TASK STATEMENT:
The expected output is the data below, character for character, without its pictures.

[Opening GIVEN DATA section]

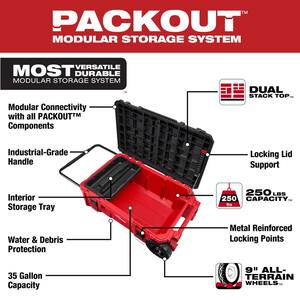 Packout 38 in. Rolling Tool Chest and 19 in. Tool Tray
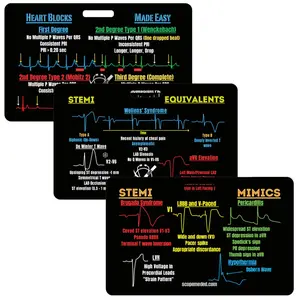 Scope EKG Reference Set 3 Piece Double-Sided STEMI Badge Card with STEMI Mimics, Equivalents, Heart Blocks Cardiac Nursing Paramedic ECG Made Easy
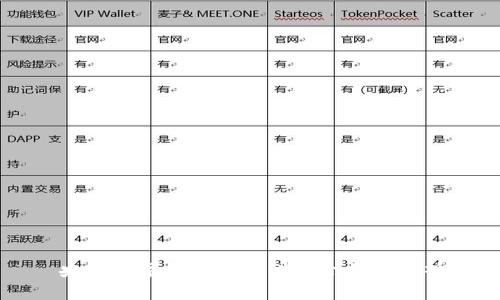 央行數(shù)字錢包在廣州的合法性解析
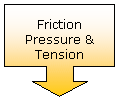 Injury Cycle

[Closing GIVEN DATA section]

TASK RESULT:
 Packout 38 in. Rolling Tool Chest and 19 in. Tool Tray
 Scope EKG Reference Set 3 Piece Double-Sided STEMI Badge Card with STEMI Mimics, Equivalents, Heart Blocks Cardiac Nursing Paramedic ECG Made Easy
 央行數(shù)字錢包在廣州的合法性解析
 Injury Cycle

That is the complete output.